### YOUR INSTRUCTIONS:
Would you transcribe the lines running from the one that holds "So this one" to the last line of the records? Leave every picture out.

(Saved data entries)
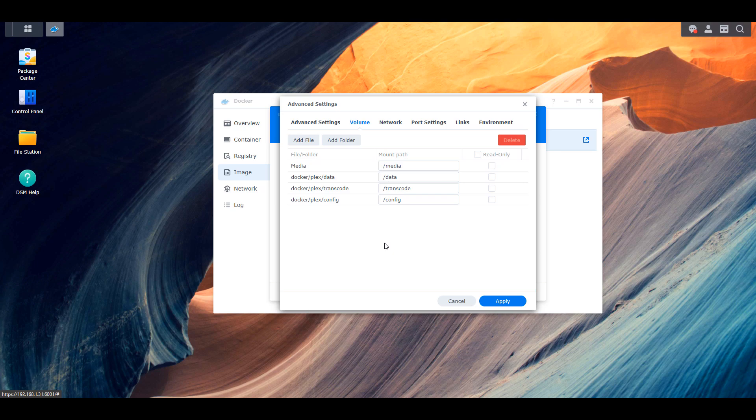However, there are a lot of people that have three separate shared folders for every single media type. So if you have it set up the way that I have it set up, you can go through and you can select the media folder that you have, and then you can map it to the forward slash media location. If you have it split up, you're going to have to create three different or five different, however many folders you have, you're going to have to map those different shared folders to different locations. Now you can use whatever name you want. So if you wanted to do forward slash movies and forward slash TV shows, et cetera, you can do that.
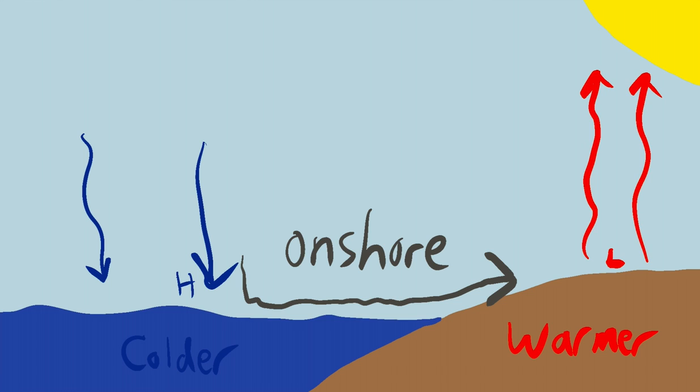Now, interestingly, this is bad wind for surfing because it just kind of crumbles those waves over, but it is good wind on a very hot day if you're right by the coast, because what this is actually going to do is take some of that colder air that's over the water and push it over the land.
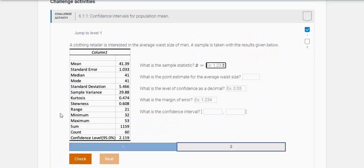So this one here, you're given an Excel output of information. A clothing retailer is interested in the average waist size of men. A sample is taken and you're given these results here.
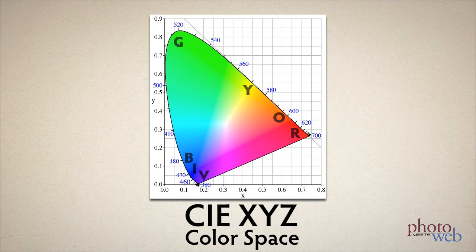This diagram is obviously very non-linear, with a difference of 10 nanometers down at blue taking this much space, to a difference of 10 at green that takes much more space.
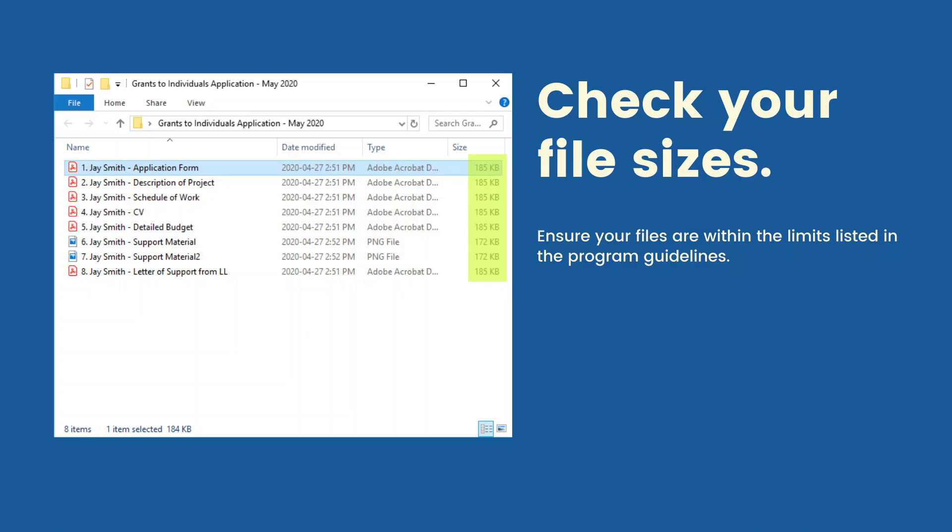Check your file sizes. Ensure your files are within the limits listed in the program guidelines.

### SOLUTION TO THIS PROBLEM:
So this one here, you're given an Excel output of information. A clothing retailer is interested in the average waist size of men. A sample is taken and you're given these results here.
This diagram is obviously very non-linear, with a difference of 10 nanometers down at blue taking this much space, to a difference of 10 at green that takes much more space.
Check your file sizes. Ensure your files are within the limits listed in the program guidelines.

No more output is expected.